First up was last year's champion, Rosa Bubinas, 56, of Tropicana Casino and Resort. "Go!" said McCabe, clicking the start button on a stopwatch.

Hunched over the bed, Bubinas threw the mattress pad on first, then the sheets and blanket, before walking around to the other side and tucking them in. Then she covered the pillows and wrapped them in the top of the bedspread. Elapsed time: Two minutes, 38 seconds.

Speed wasn't the only thing that counted. Neatness did, too. Twice judges got up from their table to walk around the bed, checking all sides.

Fabiola Bermudez, 40, from Trump Marina, finished in 1:56, but apparently she wasn't neat enough. The winner was Sheila Biddle, 51, who works at Bally's Park Place. She finished in 2:15.

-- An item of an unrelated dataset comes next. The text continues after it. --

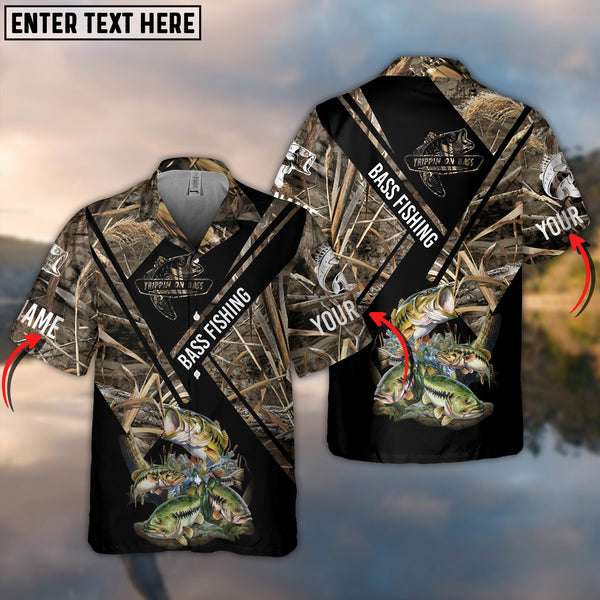 Maxcorners Bass Fishing Camo Personalized  All Over Print 3D Hawaiian Shirt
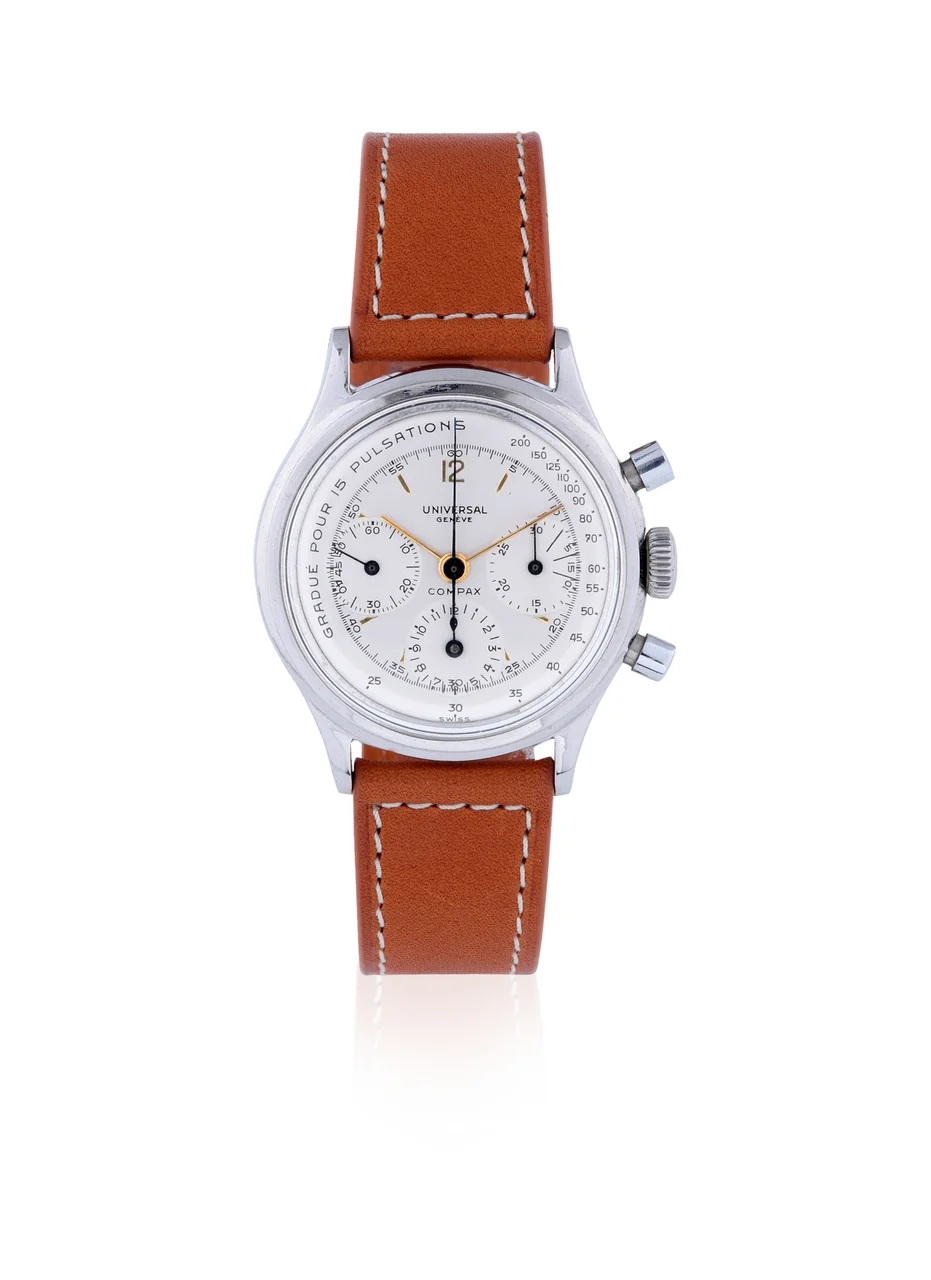 Universal Compax Chronograph, Steel 22295-4 35 mm kol saati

She won $250 cash, but didn't have time for the post-game interview. "I gotta get back to work," she said.

In the bartender competition, mixologists had as much time as they needed to whip up original concoctions -- one with booze, one without.

The winner was Donald Dunleavy, 65, who works at the Atlantic City Convention Center. He made a "Peppermint Patty" using peppermint schnapps, chocolate and cream.

That contest may have been the judges' favorite. They had to taste all the drinks. "I'm getting bombed," said Atlantic County Clerk Michael Garvin.

In the food and cocktail servers contest, participants had to negotiate nine orange traffic cones set up in the shape of a rectangle while carrying a tray loaded with five filled champagne glasses. Jeff Reich, 32, of Resorts Atlantic City, won with a time of 19 seconds.

The contest for bellpersons, which was to be run over the same course using luggage carts, was canceled for lack of entries.

April Pinkett, 25, of the Claridge Casino Hotel won the cook's competition, beating out three others with "Ostrich on the Tropics" -- ostrich meat and tropical fruit.

"Customers in these casino hotels take superior service for granted, because it's an everyday occurrence," said Local 54 president Bob McDevitt. "This is a way to celebrate our members' skills."